WORK REQUEST:
Please repeat the entries word for word and keep the images out.

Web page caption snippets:
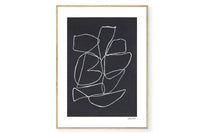 THEPOSTERCLUBは、コペンハーゲンを拠点とするオンラインストアで、主に厳選されたアートポスターを販売しています。主にスカンジナビアのライフスタイル、ファッション、インテリアデザイントレンドからインスピレーションを受け、モノクロから抽象画、エッジの利いた写真アートまで、多くのアーティストの作品を取り扱っています。また、無名有名問わず多くのデザイナーとのコラボレーションを積極的に行い、多くの作品を独占的に販売しているのも特徴的です。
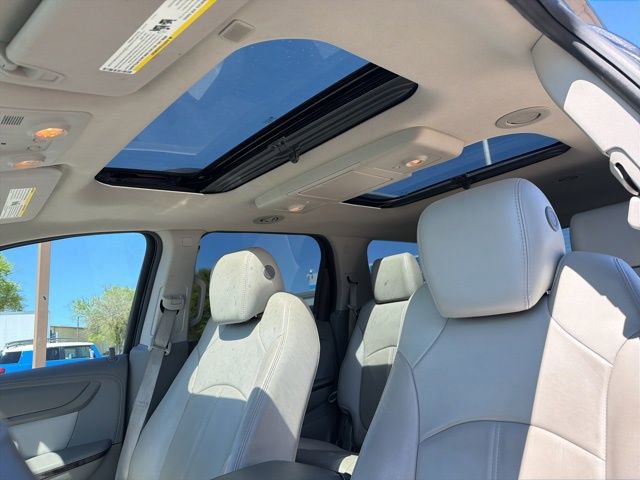 Used 2017 GMC Acadia Limited SLT image 30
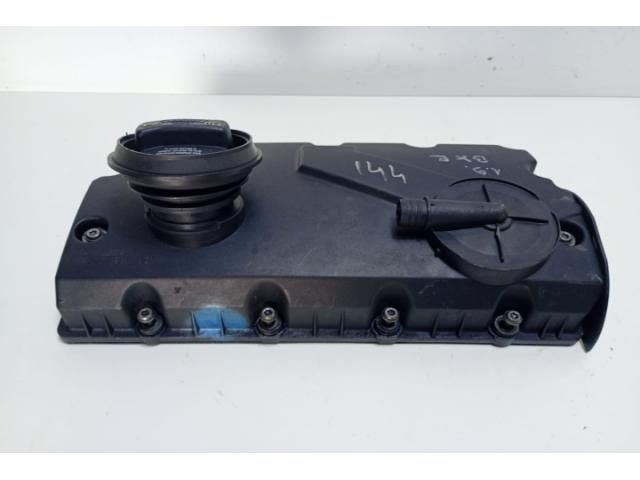 bontott AUDI A4 B6 Szelepfedél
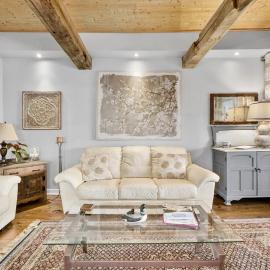 Gather-on-Trent, Your Private Waterfront Luxury Resort in Trent Hills，位于Campbellford的酒店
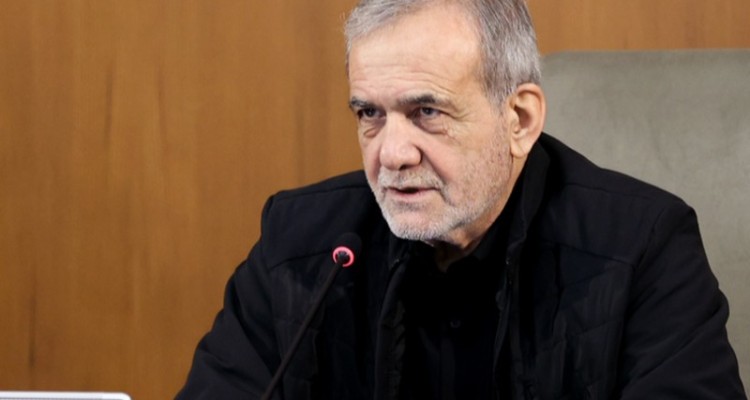 همه ما مسئولان کشور، تعهداتی نسبت به مردم داریم که باید به آنها عمل کنیم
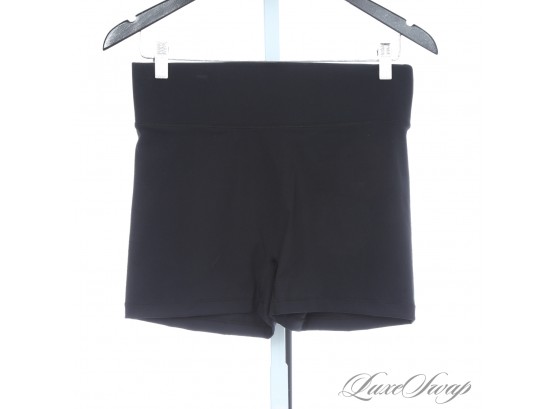 CLUB FIT! OR THE GYM! NEAR MINT AND MODERN ALL ACCESS BLACK CROPPED BIKER SHORTS L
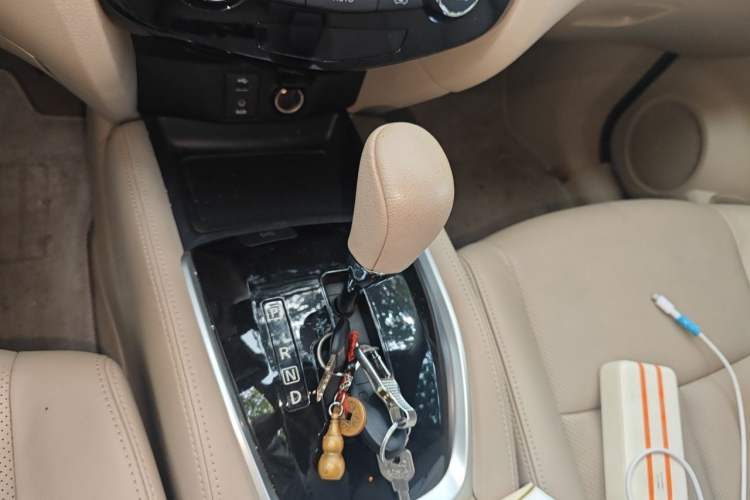 Used Nissan X-Trail 2014 2.0L CVT Comfort Edition 2WD Gear Lever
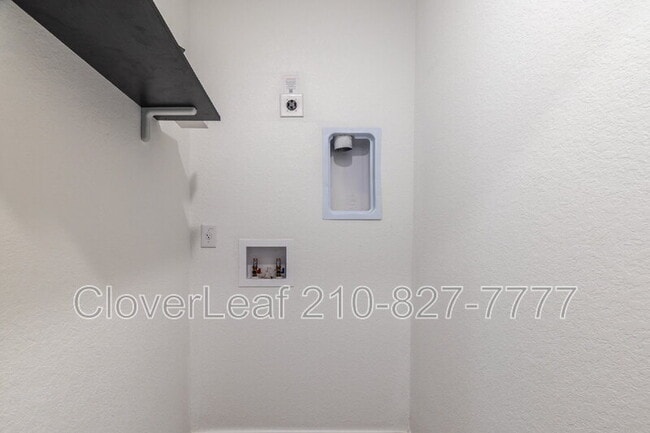 Building Photo - 3833 Millbrook Wy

EXERCISE OUTPUT:
 THEPOSTERCLUBは、コペンハーゲンを拠点とするオンラインストアで、主に厳選されたアートポスターを販売しています。主にスカンジナビアのライフスタイル、ファッション、インテリアデザイントレンドからインスピレーションを受け、モノクロから抽象画、エッジの利いた写真アートまで、多くのアーティストの作品を取り扱っています。また、無名有名問わず多くのデザイナーとのコラボレーションを積極的に行い、多くの作品を独占的に販売しているのも特徴的です。
 Used 2017 GMC Acadia Limited SLT image 30
 bontott AUDI A4 B6 Szelepfedél
 Gather-on-Trent, Your Private Waterfront Luxury Resort in Trent Hills，位于Campbellford的酒店
 همه ما مسئولان کشور، تعهداتی نسبت به مردم داریم که باید به آنها عمل کنیم
 CLUB FIT! OR THE GYM! NEAR MINT AND MODERN ALL ACCESS BLACK CROPPED BIKER SHORTS L
 Used Nissan X-Trail 2014 2.0L CVT Comfort Edition 2WD Gear Lever
 Building Photo - 3833 Millbrook Wy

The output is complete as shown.